Car la concurrence est rude. Pourtant, en témoigne le décret mettant en œuvre le fond de soutien aux médias d’information sociale de proximité, l’éducation aux médias fait partie de ce qui distingue les médias « pas pareils ». Sauf qu’aujourd’hui, tout le monde en fait ! D’ailleurs, quand le Ravi et ses acolytes avaient eu l’honneur de se serrer dans une petite salle pour dire leur spécificités aux Assises du journalisme à Tours, France Télévisions déployait en tête de gondole réalité virtuelle et autre gadget pour que petits et grands jouent au journaliste !
L’effet Charlie
Autre acteur de poids ? « Entre les lignes ». Une association « née il y a dix ans à… Marseille, nous révèle le directeur et l’un de ses fondateurs, Olivier Guillemain. À la base, on était deux journalistes de l’AFP et de Reuters », les deux plus grosses agences de presse, celles qui crachent la copie que les autres médias peuvent reprendre à l’envi.
« À l’époque, l’éducation aux médias, ce n’était pas un thème à la mode, poursuit Olivier Guillemain. On ne parlait pas encore de fake news, de théorie du complot. Nous, ce qu’on avait envie de partager avec les jeunes, c’était d’expliquer comment se fabrique, se construit l’information. Pour retisser un lien qui s’étiole. Et redonner le goût de l’info. » Tout est parti d’un constat : « On avait dans notre entourage des gens qui nous disaient “toi qui est journaliste, explique-nous la Syrie” ! On n’a jamais eu autant d’informations et, paradoxalement, il est de plus en plus difficile de s’informer. »
D’où l’idée d’intervenir en milieu scolaire. Mais l’explosion de la demande, poursuit celui qui s’occupait jusqu’à peu de la com’ de Science Po Lyon, c’est suite aux attentats de Charlie Hebdo : « Des gens sont morts parce qu’ils étaient journalistes.
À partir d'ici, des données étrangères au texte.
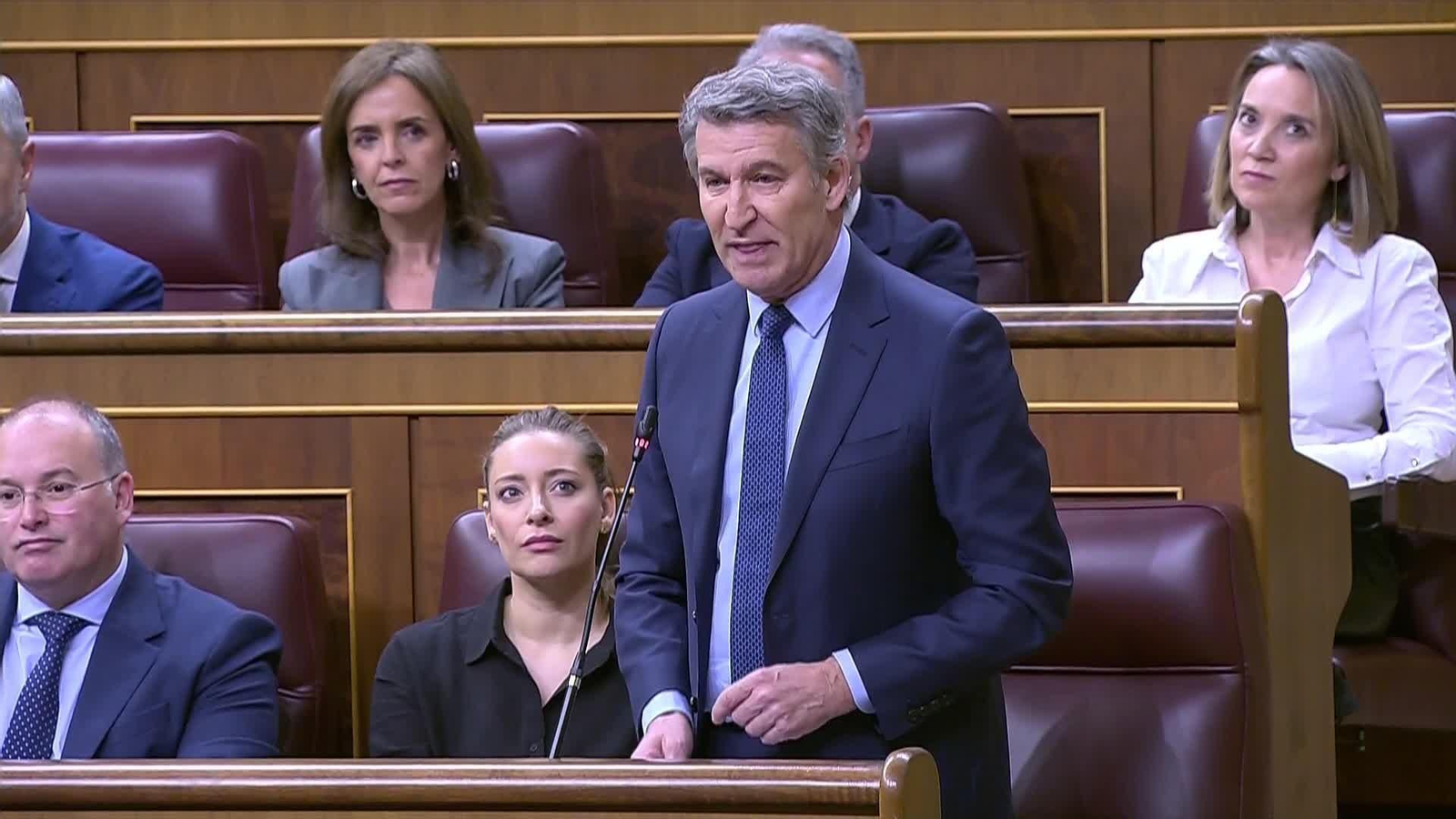 web desclasificacion congreso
Il y a à la fois une prise de conscience des politiques et un véritable élan du côté des journalistes. Les gens avaient envie de faire quelque chose. Il y a eu un véritable élan. » C’est à ce moment que Le Monde s’est rapproché d’Entre les Lignes.
Du bénévolat subventionné
« Aujourd’hui, on est 200. Et on est tous bénévoles. C’est unique ! Rendez vous compte. On est tous fatigués, on a tous besoin de vacances. Et là, on a 200 personnes qui sont prêtes à prendre sur leur temps de vacances pour faire de l’éducation aux médias ! » Avec 5 types d’ateliers – la hiérarchie de l’info, le pluralisme, la caricature, les fake news…– l’association réalise « environ 300 interventions par an. On a énormément de demandes. Sans avoir besoin de faire de la pub. Ce qui marche, c’est le bouche à oreille », s’enorgueillit le cofondateur d’Entre les lignes.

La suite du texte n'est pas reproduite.